*Data for this task*.
====

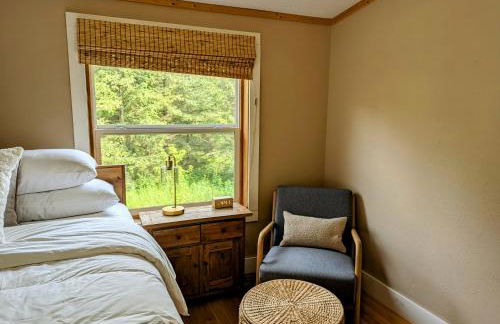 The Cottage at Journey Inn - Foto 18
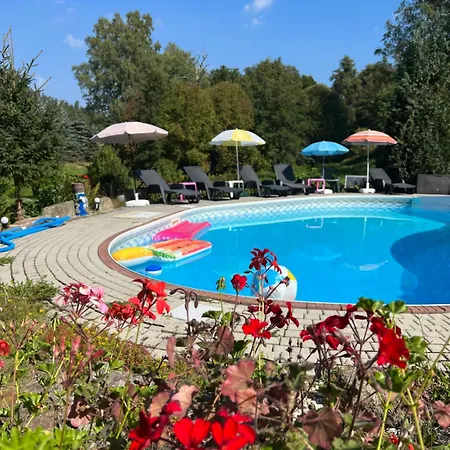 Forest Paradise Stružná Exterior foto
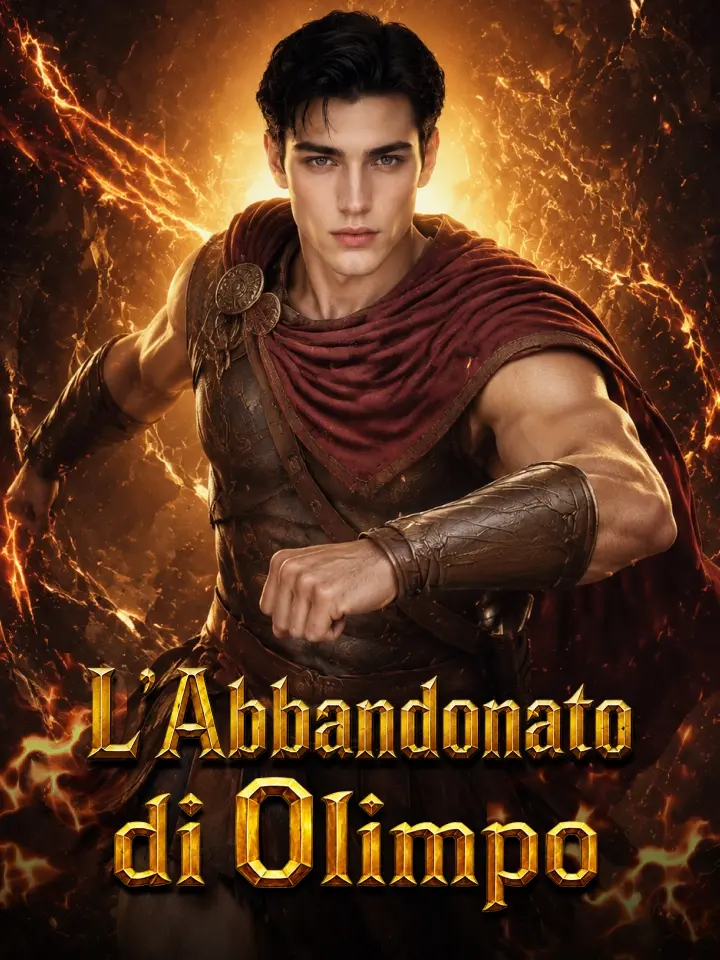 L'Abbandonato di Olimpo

====

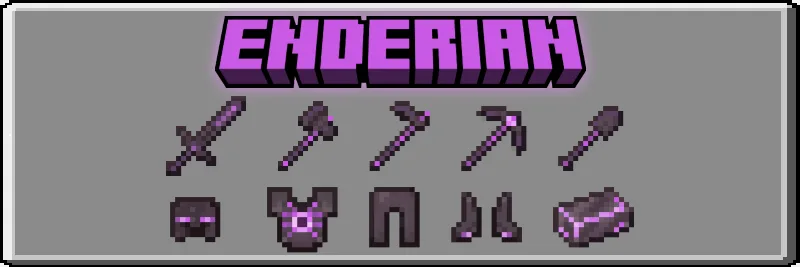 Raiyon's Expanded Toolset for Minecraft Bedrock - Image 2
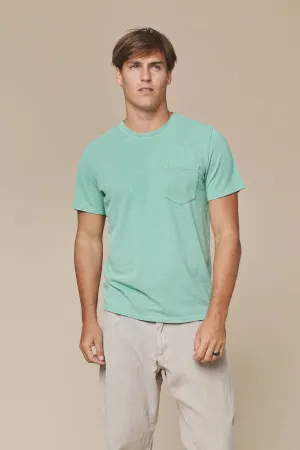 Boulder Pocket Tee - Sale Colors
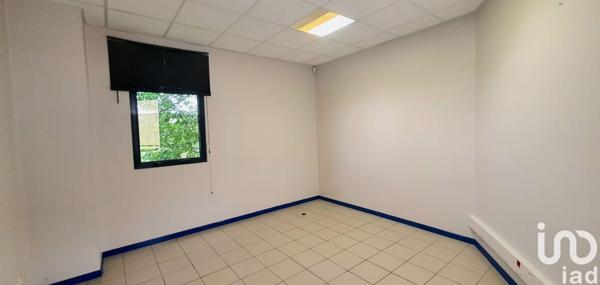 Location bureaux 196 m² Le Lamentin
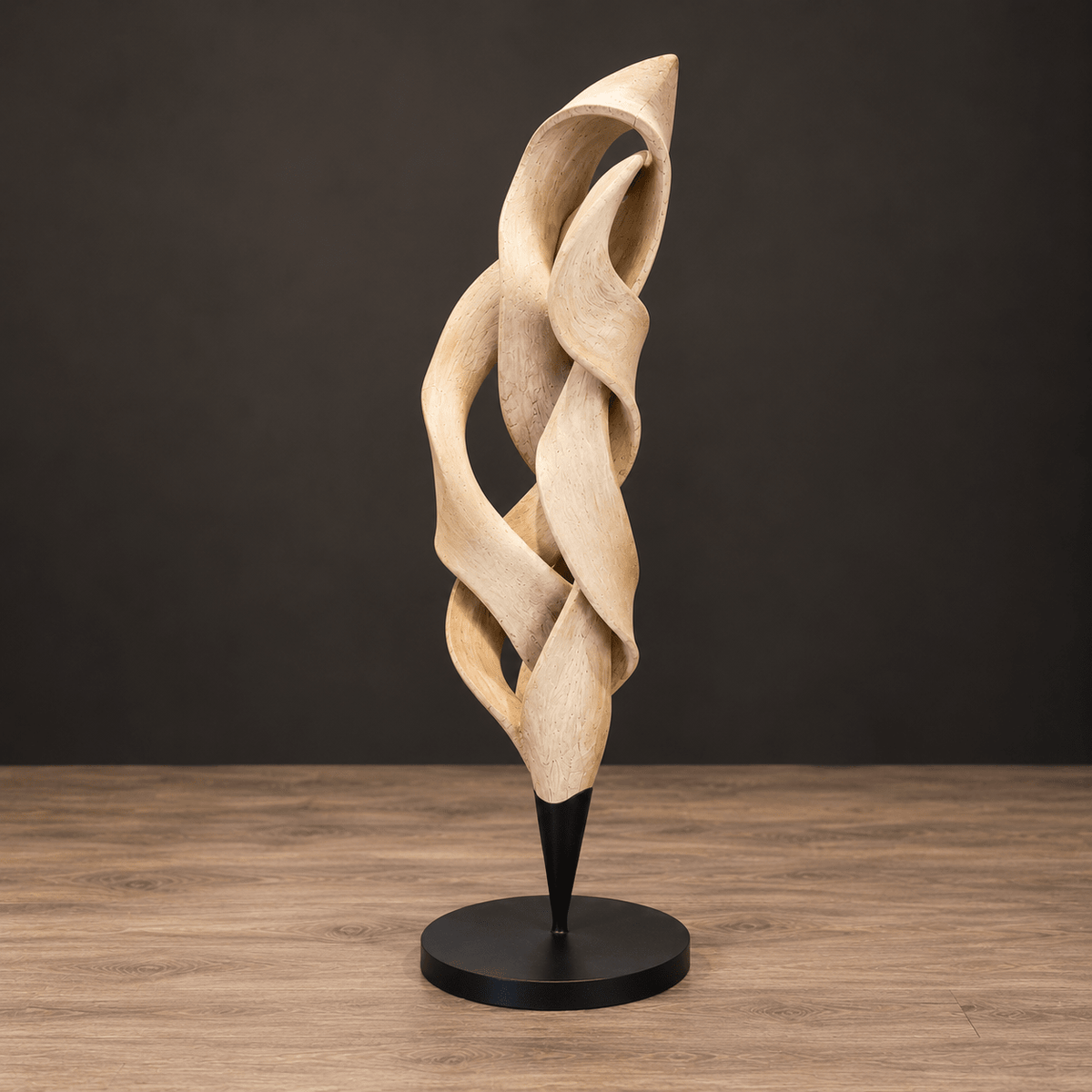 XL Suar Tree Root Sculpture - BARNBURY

====

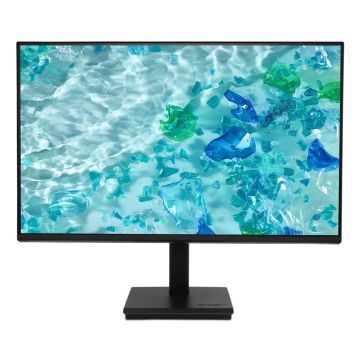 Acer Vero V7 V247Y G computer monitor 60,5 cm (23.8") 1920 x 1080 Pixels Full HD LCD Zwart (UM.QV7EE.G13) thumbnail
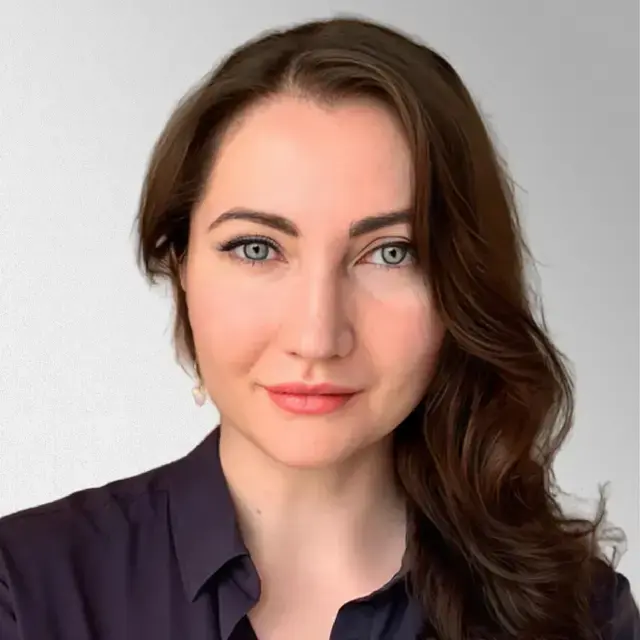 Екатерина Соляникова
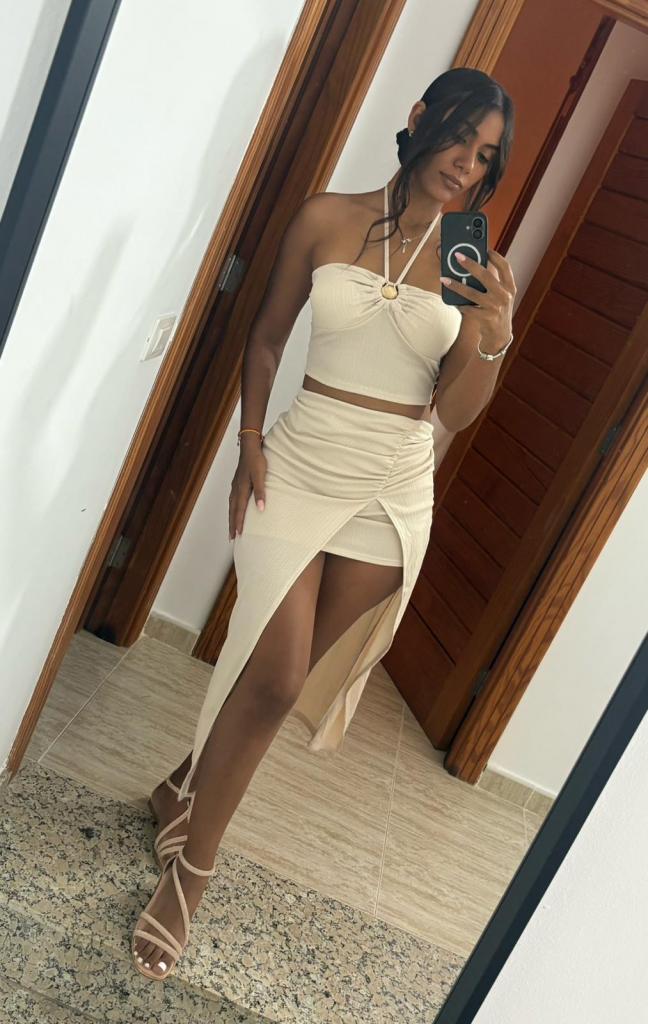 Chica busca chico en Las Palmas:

====

*Task prompt*. To complete this exercise, transcribe exactly the lines above from the one that holds "The Cottage at Journey Inn - Foto 18" through the one that holds "L'Abbandonato di Olimpo". Pictures stay out.

*Expected answer*.
 The Cottage at Journey Inn - Foto 18
 Forest Paradise Stružná Exterior foto
 L'Abbandonato di Olimpo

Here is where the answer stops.